Two Poems
Kite Festival
As the sun cauterized, the kites began their crumpled descent
from dragon to dithering rat, snaking at the ankles
of toddlers. Why now, from the balcony of another city,
am I thinking of you: diseased language,
that spit and crackled at me on the train. Men,
and women becoming men, thrummed
like light passing through a subway, picking up clicks
and swoops and flashes, where I was posed,
permanently, as a woman abroad. From my pilgrim’s lookout
I could watch how the wind jimmied
the remainders. Rustled the tarps. The only kite master still on the field
kicked at the falling animals, collected their strings, mourned
their ghosts. Only the lucky ones
catch a break of wind. Only I
can fly home for a summer. He paced between the two rams,
who had just been felled from their place above him.
He doesn’t speak to me, not in my dreams nor my solitude,
where I am in any-city, where I can choose what to remember:
a blonde head in the lake, glitter woven into a black sweater, 2.99 or maybe
cheaper, his headphones slung over one shoulder, Lucy at her desk
with impossible cheeks, Vincent sleeping above and around me, his honesty,
George’s concern, his fruit baskets, the snow that stayed for impossible
years.
The kite master knows this: when we are formed by memories
and impatience, there will be nothing left to rummage through in the mud.
My student has her foot amputated / I meet you on the platform in Beijing
I’m thinking about your poem while trying to write my poem,
while trying to watch that movie about houses,
and when the phone rings, I’m thinking about phones,
for a minute, then I start thinking about how if light
were a number it would be 0, so that it could both
exist and still be a muddle. The train shuddered in like spring.
Like cells and flowers budding time-lapsed through snow.
I walked along the track as the faces became a dirty
swipe of grey. Once, I tried to capture your hand
opening inside my head, but no one would buy it.
I have come here again and again, editing, enhance, enhance,
trying to find your face in that unusable disaster.

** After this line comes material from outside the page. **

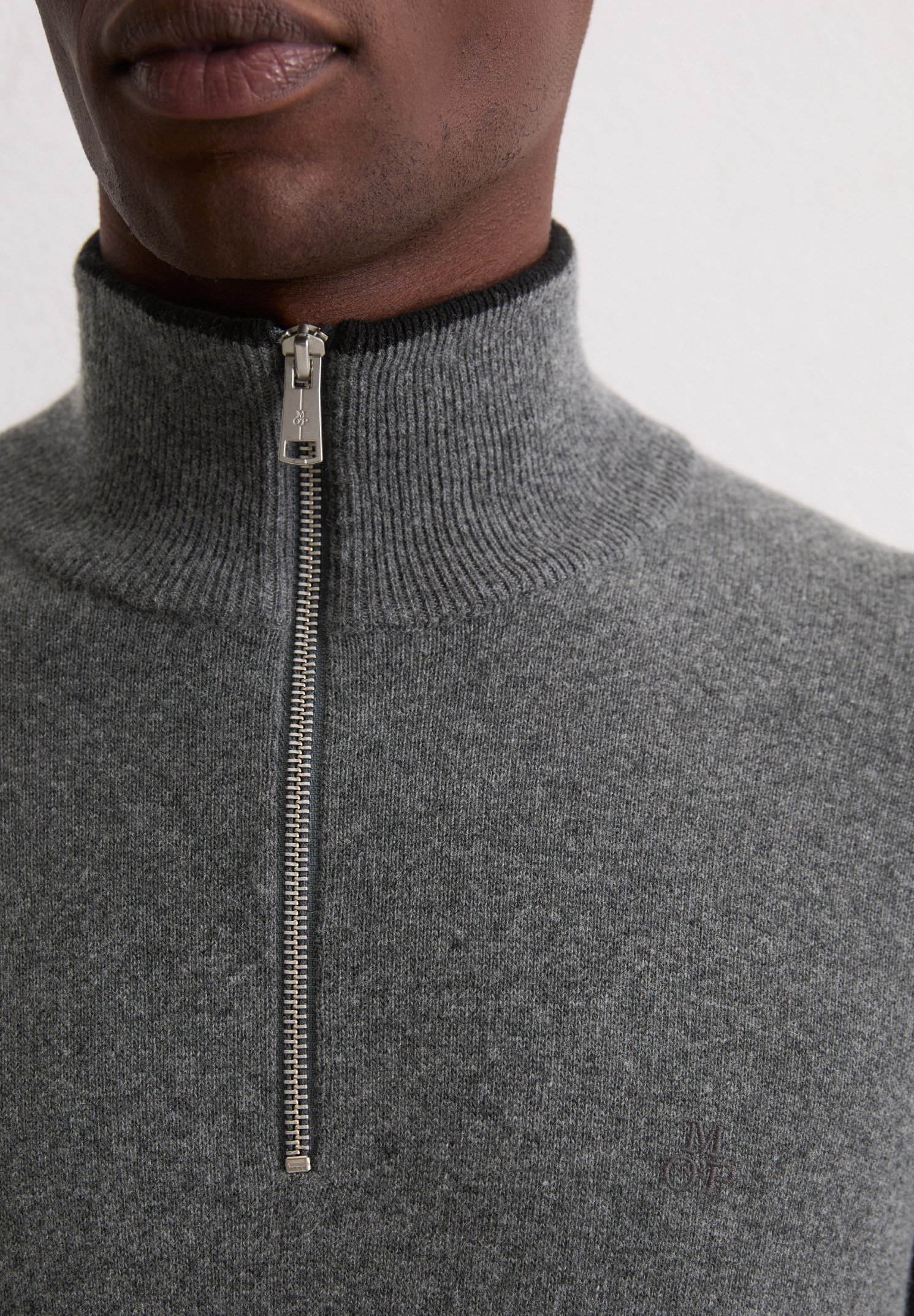 Marc O'Polo TROYER CON BORDI A PUNTA - Maglione - grigio grafite mélange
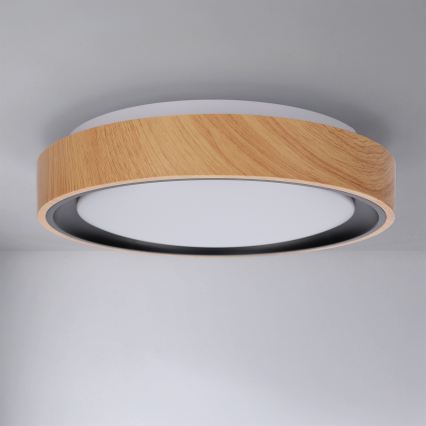 Brilagi - FLOCO LED Ceiling Light LED/24W/230V Ø 30 cm wood finish/black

They told our Li Xian, now club-footed,
that she can’t play like the others, can always only goalie, diving-
board dip, kitchen-table lean. She was only ten and they hung her necktie
from the flagpole. I can’t touch that phantom hurt. I can only swing at it,
speeding at the speed of zero, each minute you're at work, each cell
that zooms, becomes music, becomes a pool of ink in all my brain's dips
and swoops. When we come home and I still haven’t read the poem,
and it’s dark and you’re reading it to yourself, I hear myself in the other room
with you, simple and clear, praising that moment of peace in you.